=== Data extracts ===
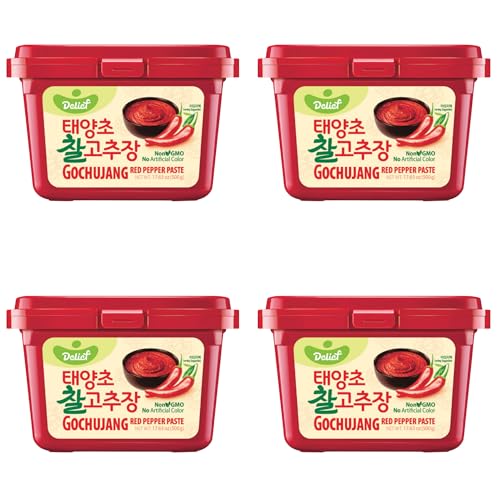 Gochujang HALAL | Delief Red Pepper Paste (4x500g) | Original Chilli Paste aus Korea von PARTHIAN-GROUP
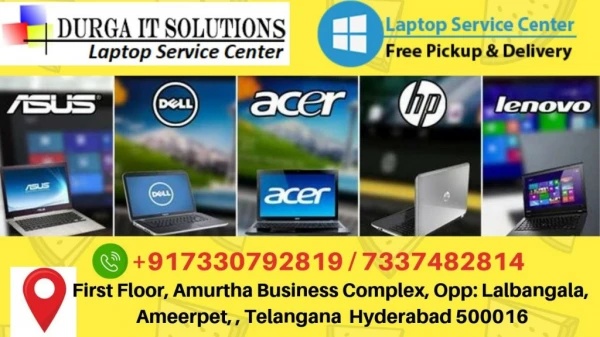 HP service center in Ameerpet
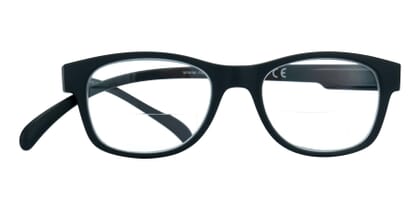 Reading glasses Klammeraffe No. 07 bifocal black frontal Reading glasses Klammeraffe No. 07 bifocal black frontal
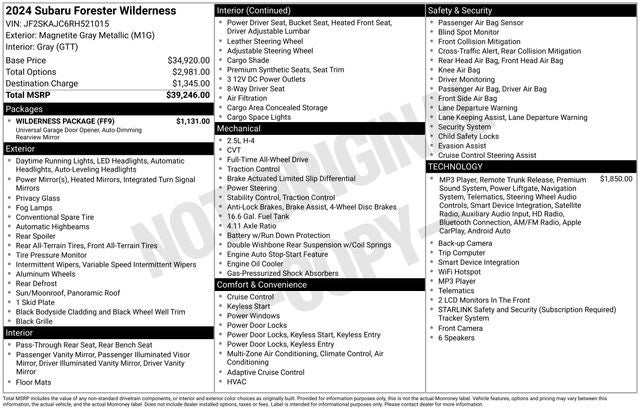 2024 Subaru Forester Wilderness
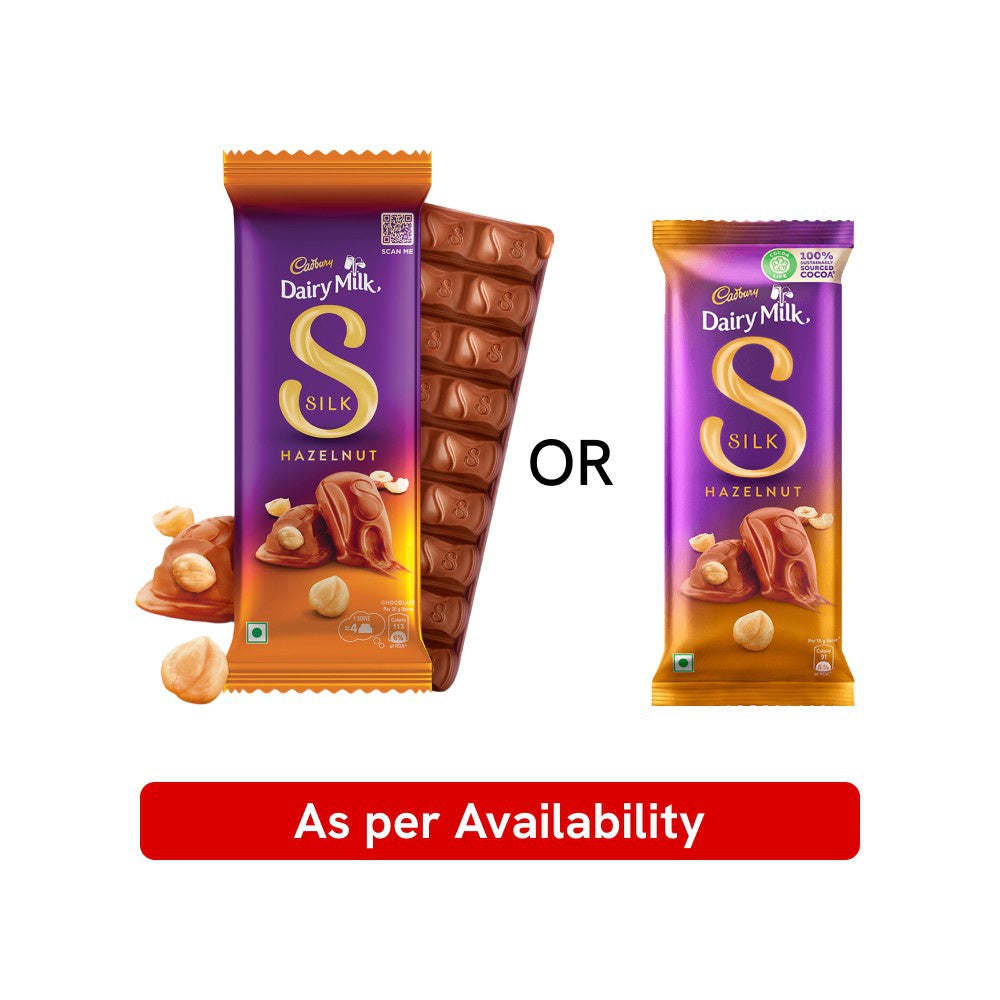 Cadbury Dairy Milk Silk Hazelnut Flavoured Chocolate Bar : 143 g
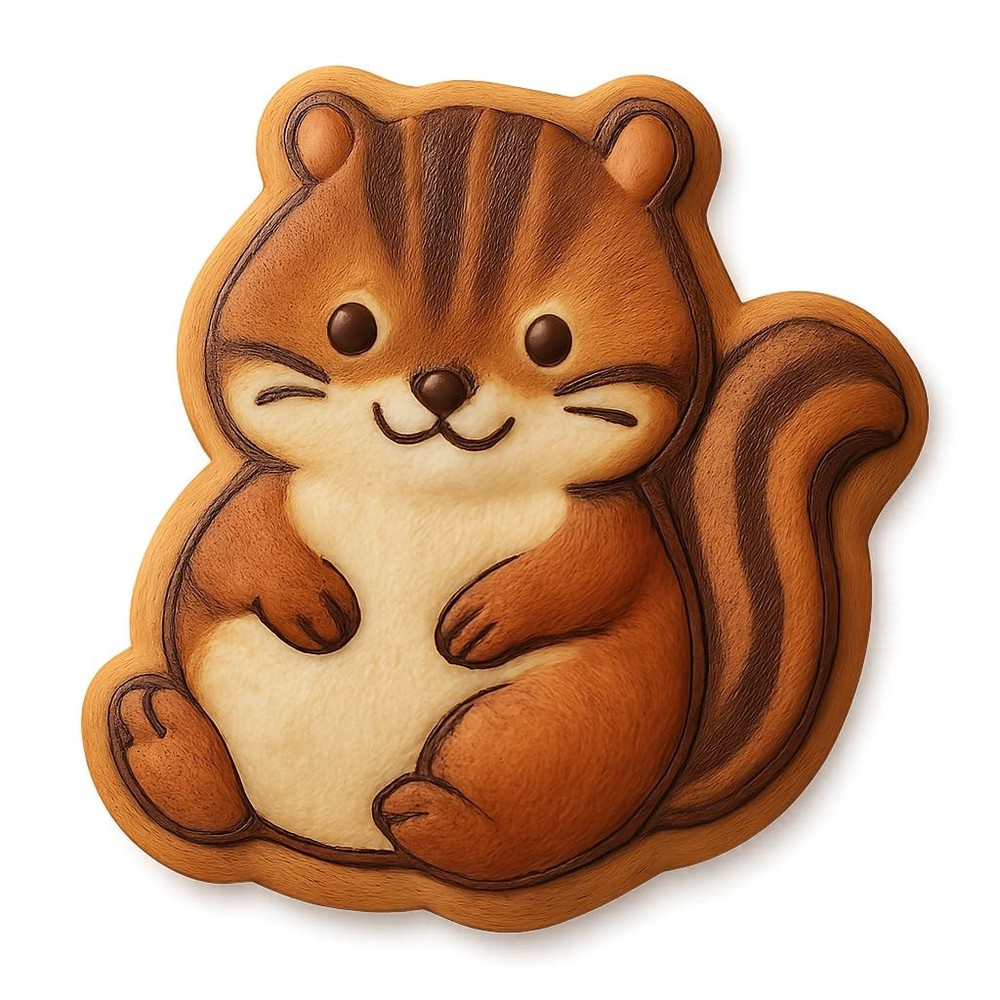 Chubby Chipmunk Cookie Cutter - 4x3.2" Fun Baking Kitchen Tool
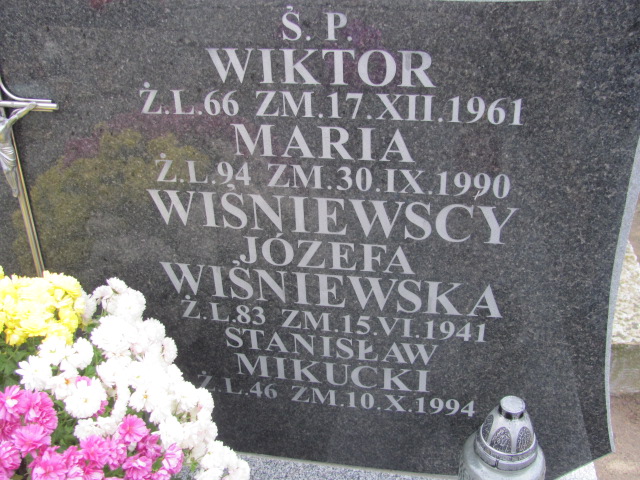 Wiktor Wiśniewski Sierpc - Grobonet - Wyszukiwarka osób pochowanych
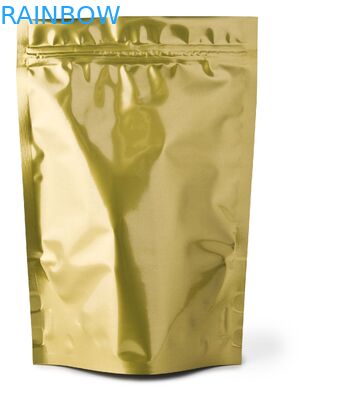 De glanzende Duidelijke Rode Verpakkende Tribune van de Foliezak omhoog voor Koffieboon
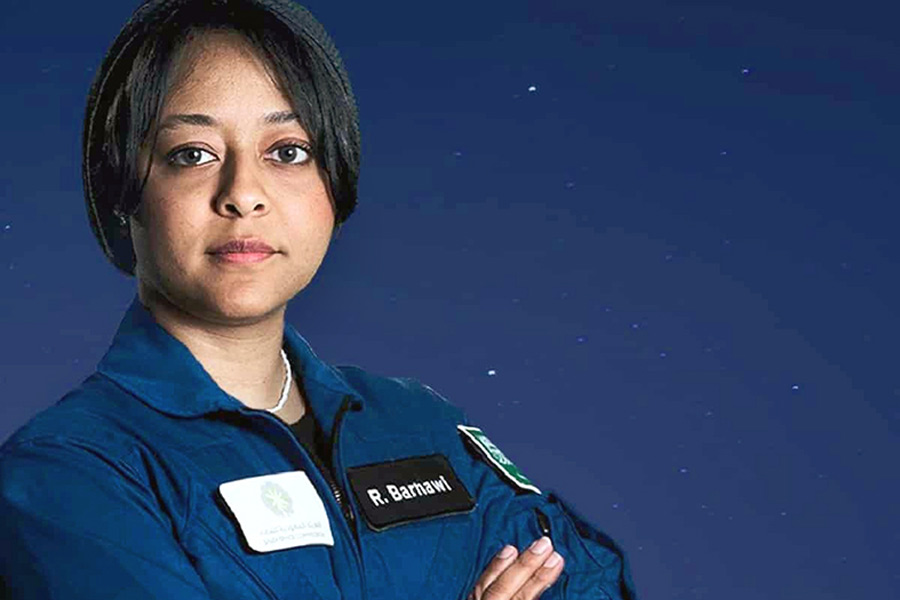 A Photograph of Rayyana Barnawi, first female astronaut of Saudi Arabia 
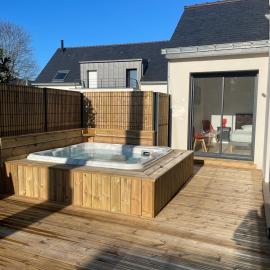 Family Prince 5min plage et jacuzzi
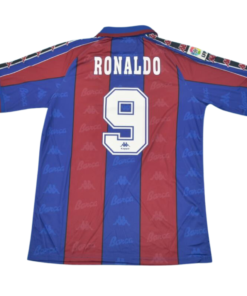 Camisa Retrô Barcelona Home 96/97 "Ronaldo" N°.9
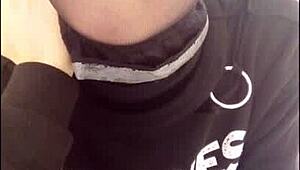 With stockings on my face I look like a pig with a snout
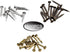 newlng 1600pcs Small Tiny Nails - Wooden Screws Compact Antique DIY Decorative Box Accessories in Gold, Silver, Bronze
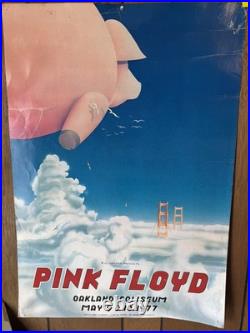 PINK FLOYD OAKLAND 1977 RANDY TUTEN BILL GRAHAM BGP concert poster 19.5x27.5 CGC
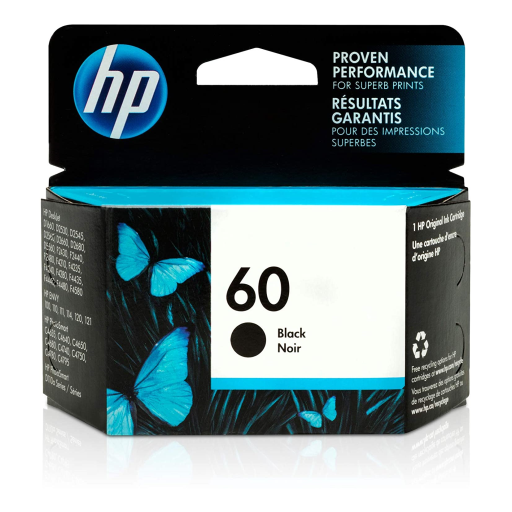HP 60 Black Ink Cartridge - CC653AN REPLACEMENT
===
### How to complete this task
Drop every picture, then write out the remaining entries above exactly as they appear.

### Answer space
 Gochujang HALAL | Delief Red Pepper Paste (4x500g) | Original Chilli Paste aus Korea von PARTHIAN-GROUP
 HP service center in Ameerpet
 Reading glasses Klammeraffe No. 07 bifocal black frontal Reading glasses Klammeraffe No. 07 bifocal black frontal
 2024 Subaru Forester Wilderness
 Cadbury Dairy Milk Silk Hazelnut Flavoured Chocolate Bar : 143 g
 Chubby Chipmunk Cookie Cutter - 4x3.2" Fun Baking Kitchen Tool
 Wiktor Wiśniewski Sierpc - Grobonet - Wyszukiwarka osób pochowanych
 De glanzende Duidelijke Rode Verpakkende Tribune van de Foliezak omhoog voor Koffieboon
 A Photograph of Rayyana Barnawi, first female astronaut of Saudi Arabia 
 Family Prince 5min plage et jacuzzi
 Camisa Retrô Barcelona Home 96/97 "Ronaldo" N°.9
 With stockings on my face I look like a pig with a snout
 newlng 1600pcs Small Tiny Nails - Wooden Screws Compact Antique DIY Decorative Box Accessories in Gold, Silver, Bronze
 PINK FLOYD OAKLAND 1977 RANDY TUTEN BILL GRAHAM BGP concert poster 19.5x27.5 CGC
HP 60 Black Ink Cartridge - CC653AN REPLACEMENT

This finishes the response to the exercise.